My family takes turns with who hosts Thanksgiving each year. When it was my cousin’s first time to host, she put the turkey in the oven, but forgot to turn the oven on. She was taken out of the hosting rotation. Brilliant.
[being murdered]
me: thanks for doing this
I told my 8 year old son, “There’s something so special about you. Since you’re my last baby, you will always be mommy’s baby to me.”
To which he replied, “God I hope so. Aren’t you pushing 50?”
Daylight Saving Time is increasingly hard to notice when my digital are devices are like, “What? Nothing happened. We know what time it is.”
And my stove is left blinking and screaming, “IT HAPPENED! TIME SHIFTED UNNATURALLY! THEY’RE ALL LYING! ONLY I KNOW! ONLY I REMEMBER!”

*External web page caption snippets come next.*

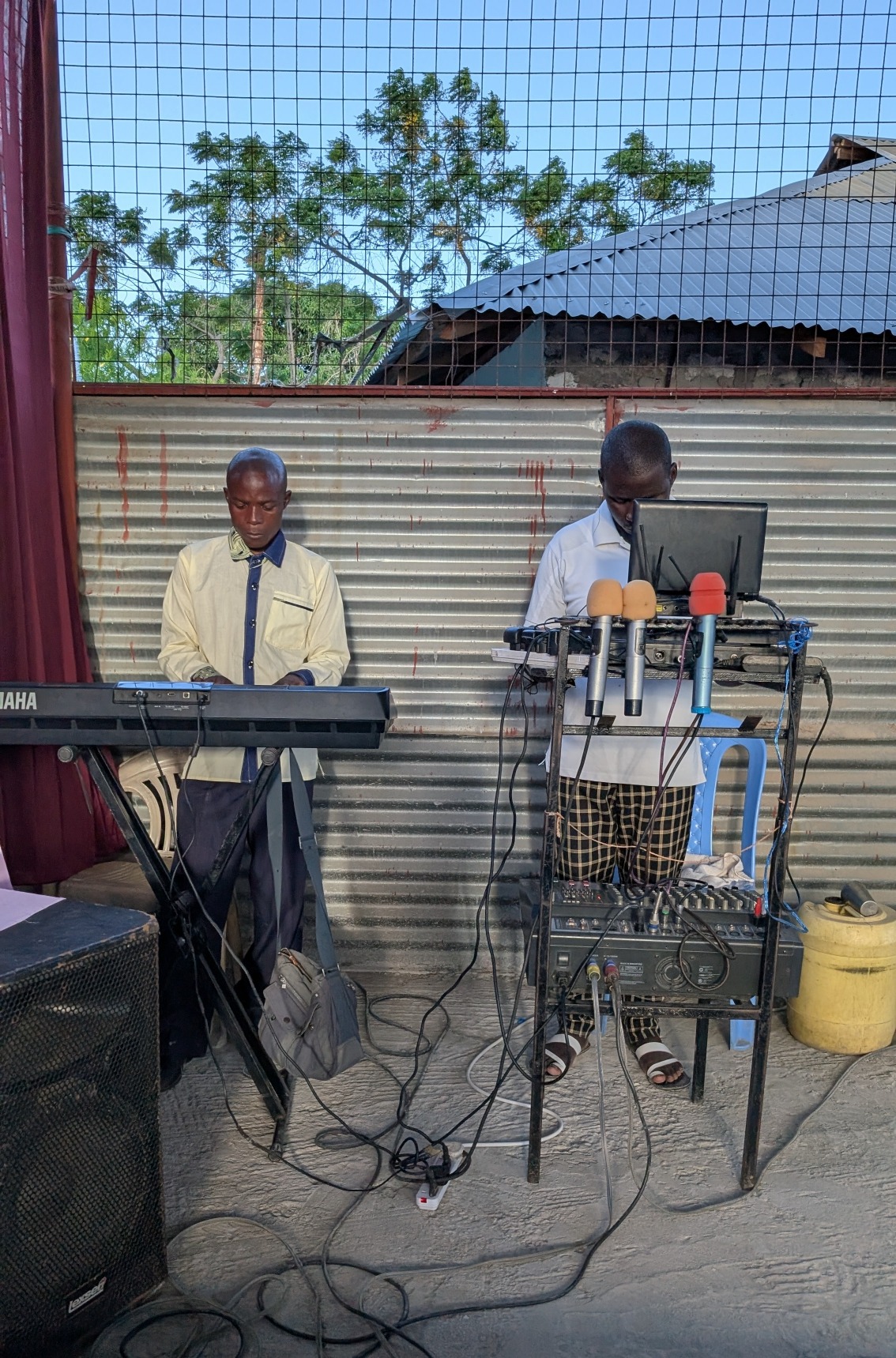 Musicians played their part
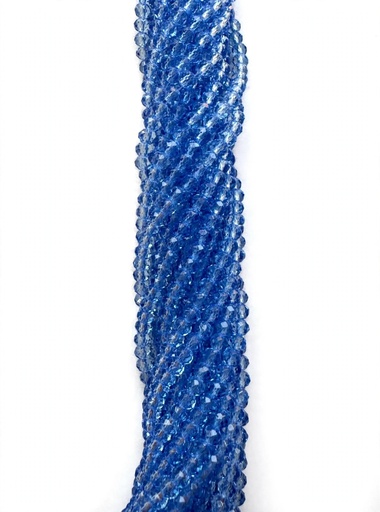 [10641] Cristal de roca 4mm azúl claro transparente (GC)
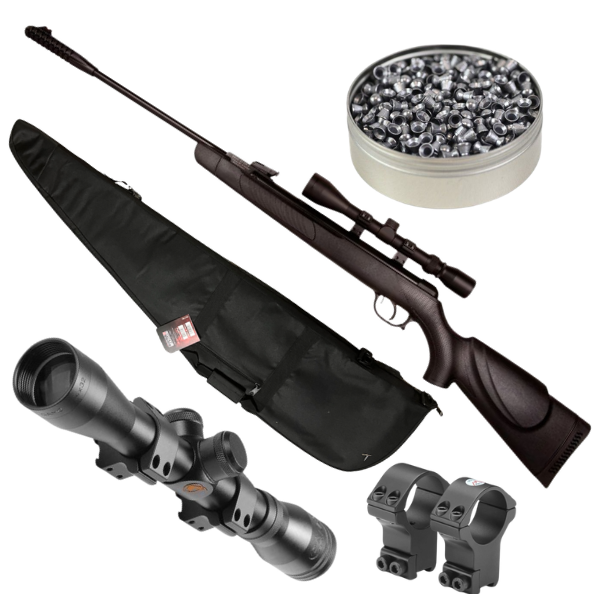 Kral Devil Ultra Carbine .22 Spring Air Rifle Package – (Inc. Scope, Bag, Pellets – Synth) Kral Devil Ultra Carbine .22 Spring Air Rifle Package – (Inc. Scope, Bag, Pellets – Synth)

I hope the world needs to be saved from the apocalypse with video game skills so my teen’s entire life won’t have been a complete waste.
Recent studies show that eating bacon or other red meats increases your chances of dying by 20%
So apparently I have a 120% chance of dying
Dating tip:
Girls like guys who takes control. Pick up a horse and ask “Where should I put this horse?” When she tells you, say no
God: We’ll call it a “dolphin”.
Angel: And it’s like a friendlier shark?
God: Turn its frown upside down.
Angel: That’s not much of a diff-
God: Give it a sideways tail.
Angel: O…kay…
God: Punch a hole in its noggin.
Having a tea party is fun until your daughter tells you that she got the water from the toilet
Football Team: Huddle up!
Me: Mm, this is nice
FT: Who are you
Me: So warm, so snug
FT: Break. Break now!
Me: Don’t go nice man-castle
Me: Are the bowling trophies included?
Realtor: Haha
Me: …
Realtor: …no, they aren’t
Me: I’m not interested then
Took a poop without my phone. Had no idea what to do with my hands. Did the Macarena. What a day.
[walks in meeting late]
“Sorry I was busy with important-”
SIRI (from pocket): OK here’s what I found on the web for are hot dogs sandwiches
Too close to dinner for lunch now. I’ll just have a few fresh veggies and half a bag of potato chips to tide me over.
Moms that name their daughters Stacy are the real narcissists.
bears call children lost in the woods screamy appetizers. you can take my word on this
Travelers diarrhea is my favorite illness. You cheat at basketball you get what’s coming to you.
“You know what pal, lay your own damn eggs” – jerk chicken
When I’m in a plane that’s full of white people, my new favourite thing to do is to spot another Sikh and shout out loudly to him “Don’t forget our mission”.